Rawdon Cragg Baptist Church History
Rawdon Cragg Baptist Church History up to 1912.
RAWDON, CRAGG BAPTIST CHURCH
The interesting story of this Church prior to the year 1800 has been referred to in an earlier part Cragg Baptist, of the volume. It is, however, worth recording that an entry in the Church book, dated about 1724, by John Marshall, of Low Hall, Yeadon, tells how "the first-fruits of us" were gathered by William Mitchel, and that some time elapsed before "God further opened our eyes to the truth of Believers' Baptism," and how they were then added to "a people of the same faith and practice in Lancashire." It would appear, therefore, that these Rawdon folk were not at first a Baptist community, but became so after some years of existence.
In the early nineteenth century, the Church, apparently a struggling cause, owed much to Dr. Steadman, of Bradford. Between the years 1811 and 1815 it felt the influence of the great Methodist Revival which swept over the district, and in 1818, under the pastorate of the Rev. Samuel Hughes, the Sunday school in connection with the Church was started in the school-room close to the manse at Nether Yeadon, and affiliated to the Leeds Sunday School Union.

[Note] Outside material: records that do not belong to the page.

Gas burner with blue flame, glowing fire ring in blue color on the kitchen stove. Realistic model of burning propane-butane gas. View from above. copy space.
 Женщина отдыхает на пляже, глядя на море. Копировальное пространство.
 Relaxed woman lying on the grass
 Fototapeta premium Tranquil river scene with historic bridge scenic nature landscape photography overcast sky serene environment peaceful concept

Mr. Hughes is still re-membered by old inhabitants of the district. He is spoken of as "a little stiff man, with knee breeches : a good man, who would give the coat off his back." Evidently somewhat careless as to personal appearance, he would sometimes appear in the pulpit with "wisps of straw and hay about him," probably due to the fact that he had been attending to the creature comforts of his cow before he ministered to the spiritual well-being of his flock.
Amongst the pastors who followed were Rev. W. Liddell (1841-46), who left to become the pastor of Pembroke Chapel, Liverpool; Rev. Robert Holmes (1847-74) who was both a versatile writer and an able and eloquent preacher; Rev. Thomas Burdett, M.A., some-time tutor of Haverfordwest College, who died in the pulpit one Sunday morning, in 1881; and the Rev. A. P. Fayers, who became pastor in 1883, and for twenty-one years exercised a most gracious and helpful ministry. Rawdon Church is still prosperous and exercises an influence for good in the neighbourhood. The present chapel is the third in the history of the Church, and was erected in 1891. The present pastor, Rev. A. H. West, B.A., B.D., settled at Rawdon in 1905.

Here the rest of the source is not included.